Is there any open source (freeware)or paid Remote control  software  Like Radmin. Need remote access to network computers and servers over a LAN Like Radmin. thank you


----------



## RCuber (Apr 20, 2015)

*www.realvnc.com/ *www.teamviewer.com/hi/index.aspx


----------



## ramakanta (Apr 23, 2015)

teamviwer require internet connection so it is not suitable . but RealVNC I am confuse , which one download. and how to used it and is RaelVNC free ???. thank you.


----------



## dashing.sujay (Apr 24, 2015)

You can try LogMeIn, but can't say if it will require internet for LAN access.

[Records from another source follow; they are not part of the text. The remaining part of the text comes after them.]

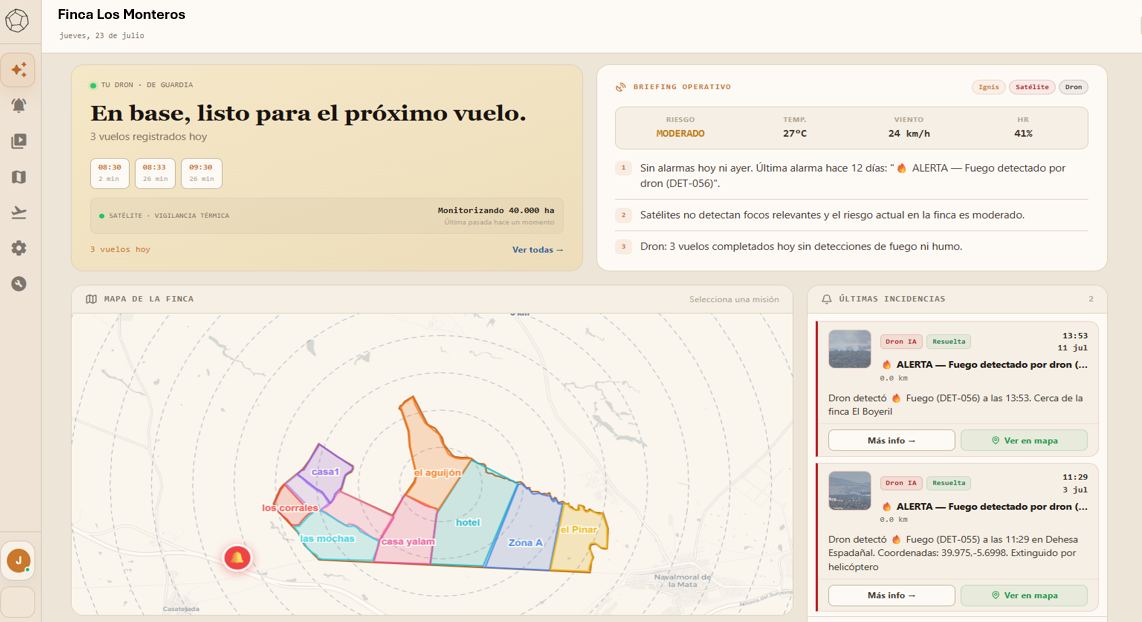 Panel de dlos.ai con estado del dron, parte meteorológico, mapa de zonas e incidencias de una finca
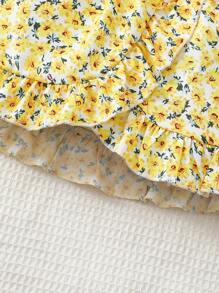 Conjunto de 2 piezas de chaleco y falda para niña con decoración de volantes, conjunto de falda casual de fiesta de verano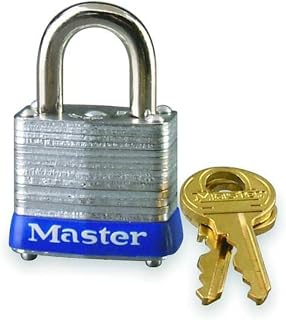 Master Lock Keyed Padlock, 1/2 in,Rectangle,Silver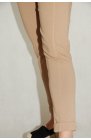 Ciocco - beżowe, wąskie spodnie bawełniane z mankietem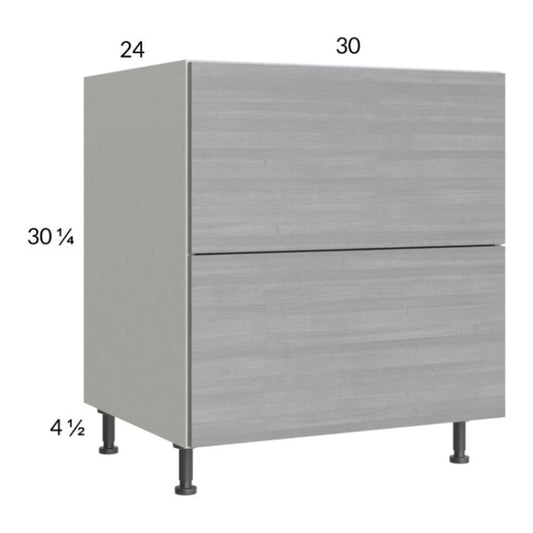 RTA Euro Grey 30" 2-Drawer Base Cabinet with 2 Finished End Panels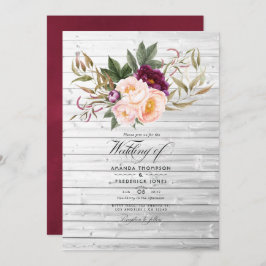Convite Borgonha - Casamento Floral Russo de Marsala e Pea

It's arguably one of the best remote control softwares out there.


----------



## ramakanta (Apr 25, 2015)

Is Remote Desktop Connection same as Radmin or Vnc .


----------



## whitestar_999 (Apr 26, 2015)

basically yes but with less features & ease of use.e.g.configuring it over internet is complicated compared to simple install & run procedure of logmein,radmin etc.


----------



## ramakanta (Apr 27, 2015)

whitestar_999 said:


> basically yes but with less features & ease of use.e.g.configuring it over internet is complicated compared to simple install & run procedure of logmein,radmin etc.

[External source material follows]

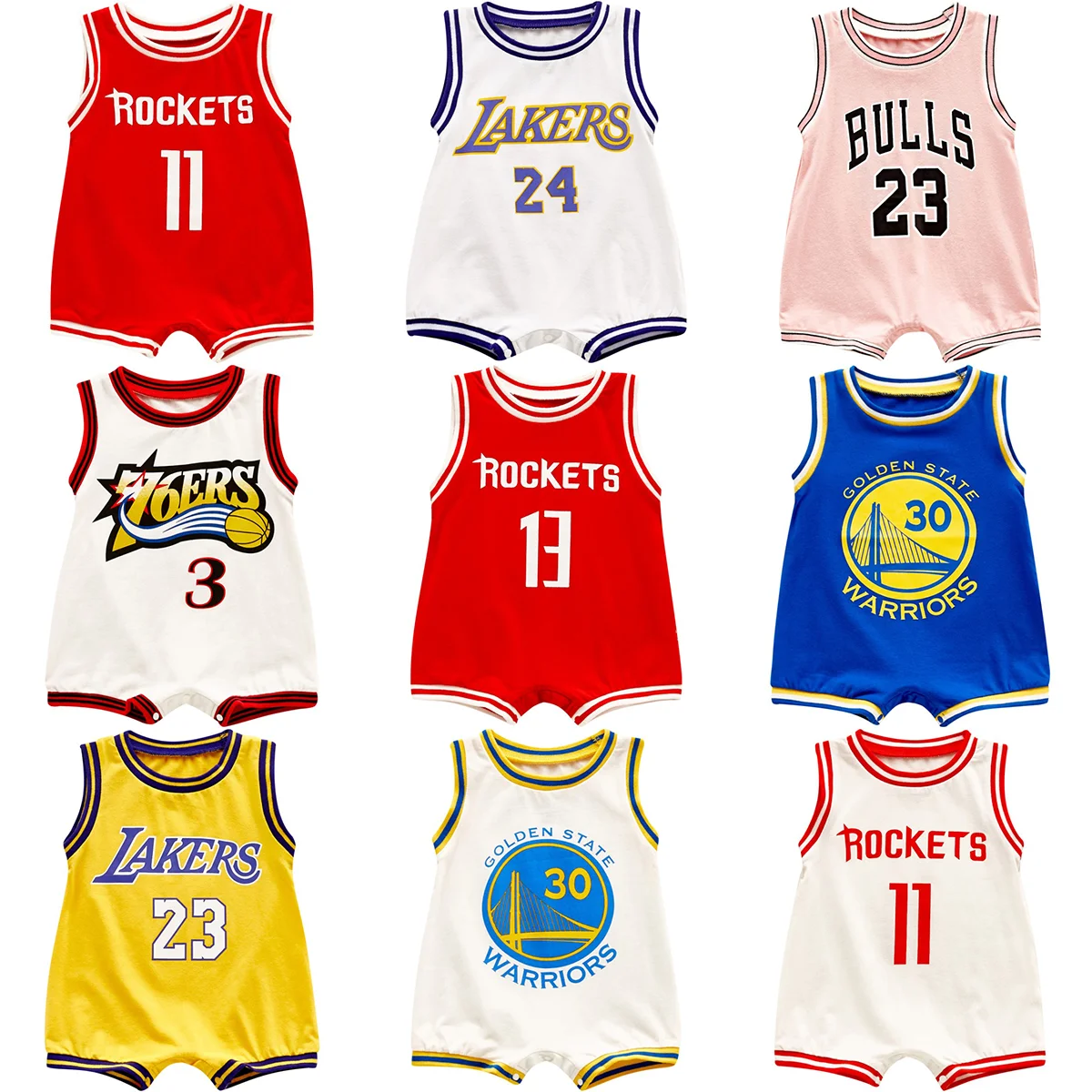 

2021 summer Basketball Sleeveless Romper Baby Clothes for Newborns one piece kids Clothing Set Sport Jumpsuit Cotton Tracksuits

just I want to see  over a LAN . just want to see another desktop over LAN( without internet ). is possible ?? if yes , then how to configure????


----------



## whitestar_999 (Apr 27, 2015)

right click my computer icon & select properties--remote settings.enable allow connections running any version of remote desktop.search remote desktop in start menu/accessories & open it.enter the ip of that pc in lan & username password of an account in that pc.


----------